Expansion of Trans Mountain oil pipeline would be delayed by months and incur hundreds of millions of dollars of additional cost, unless its route is changed, the Canadian government corporation building the pipeline said in a filing.
Trans Mountain Corp (TMC) urged the Canada Energy Regulator to change the approved route on a 1.3-kilometre (0.8 mile) section just south of Kamloops, British Columbia, as micro-tunneling construction required on the route is not feasible technically or economically.
TMC feared that continuing with the micro-tunneling process would add “significant risks, costs and in-service date delays” for the project.
The Trans Mountain pipeline is Canada’s only pipeline system transporting oil from Alberta to the West Coast and its expansion will boost the pipeline’s capacity to 890,000 barrels per day (bpd) from 300,000 bpd currently.

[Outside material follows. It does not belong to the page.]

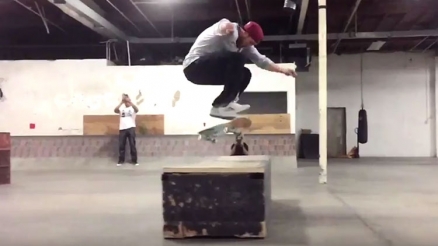 Brandon Biebel&#039;s &quot;AMFD&quot; Part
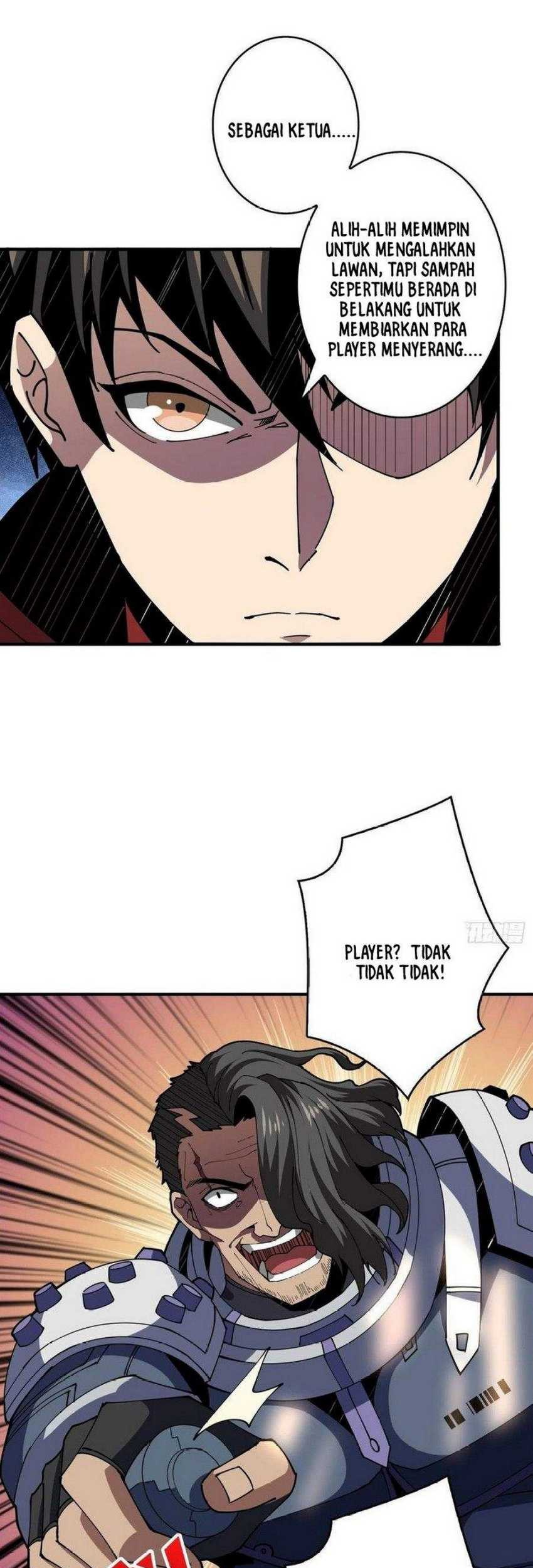 King Account At The Start chapter 67 halaman 32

“Each month of delay in the in-service date results in roughly $200 million in lost revenues and roughly $190 million in carrying charges for Trans Mountain,” TMC said in the filing on Thursday.
Shippers and other parties relying on the expansion project will also incur losses from such delays.
The reroute proposal is facing opposition from the Stk’emlupsemc te Secwepemc Nation (SSN), an indigenous group whose territory the pipeline crosses.